For those of you whom have known me (casually) for the past few years you might think that I might be going through some sort of phase. For the people whom have known me a bit more for the same amount of time might have seen this as a natural progression. The rest of you that know me (and have probably have know me for over a decade or so now) know that this is nothing new. Sadly I have to say its more like an ebb and flow which I'm working on changing; really its more of me returning, rather, to a place where I was before and trying to go from there.
For the past five years (I think it has been) I’ve been calling myself a Follower of Christ and not a Christian. I know it is just word play but for the past few years I wanted to separate myself from the hypocrisy that many Christians adopt in their walk with Jesus. One of the big ones for me was the super, ultra, mega churches. I know that if God decides to bless a church with thousands of members than so be it, but I've been to a few of these and what I felt at these places was not the spirit of the Lord. What I felt was Club Jesus.

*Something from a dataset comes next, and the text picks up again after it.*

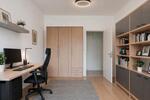 Etagenwohnung Sankt Augustin - 3 Zimmer, 82 m&sup2;, 269.800&euro; | Angebot:26846722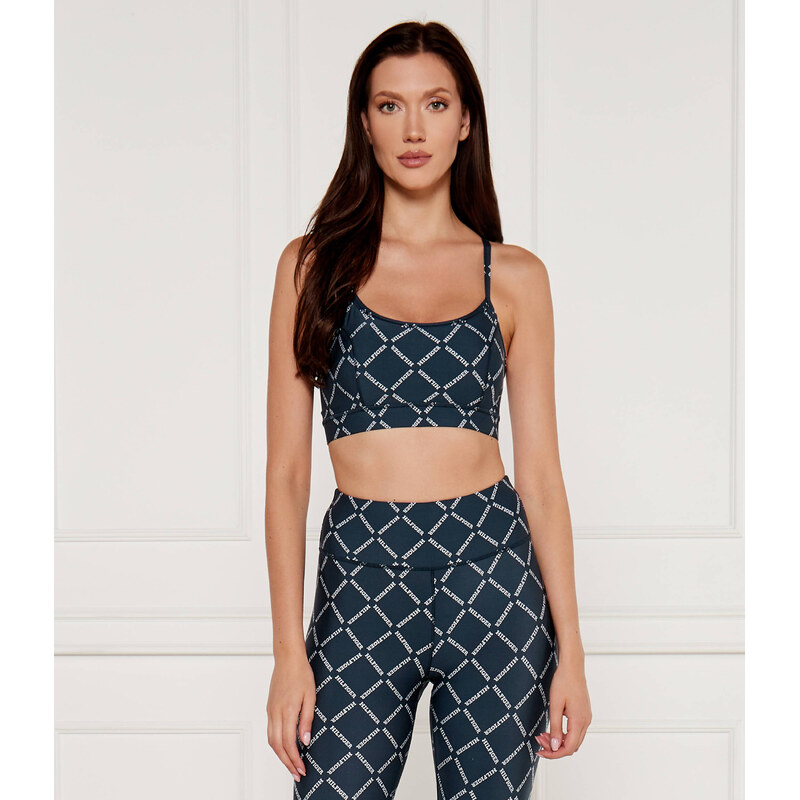 Tommy Hilfiger Podprsenka 99562931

Club Jesus was open every Sunday from 8am-1pm and the dress code was STRICLY enforced. Another thing that I wanted to separate myself from was the self-righteousness that a lot of so called Christians adopt. The attitude that because you are SAVED AND SANCTIFIED then you (and PASSA) have the right to pass judgment on ANYTHING, EVERYTHING, and ANYONE; when the fact is that last I checked Jesus was the one who died on the cross. Jesus is the one that we have to stand before ALONE and give account for our lives, NOT Passa so and so, NOT Bishop or Deacon so and so, and most definitely NOT Sista so and so. This and the fact that most of the churches I had been to up until a certain point were certainly holy ghost filled, but as far as the pastor instructing and teaching from the word I felt like i was missing out on something. While the pastor hyperventilated and spoke in tongues for an hour or so I would sit in the back and have my bible reading time. My Grandmother said it best once when I was a child,
“Boy that passa sho did do some preachin. I don't know what he was saying but he sho did do some preachin.”
I set out to feast upon the meal that is the wisdom and knowledge of the lord and his goodness and I felt as if I was getting candy and ice cream. Its ok for a while but to grow right you need nutrition.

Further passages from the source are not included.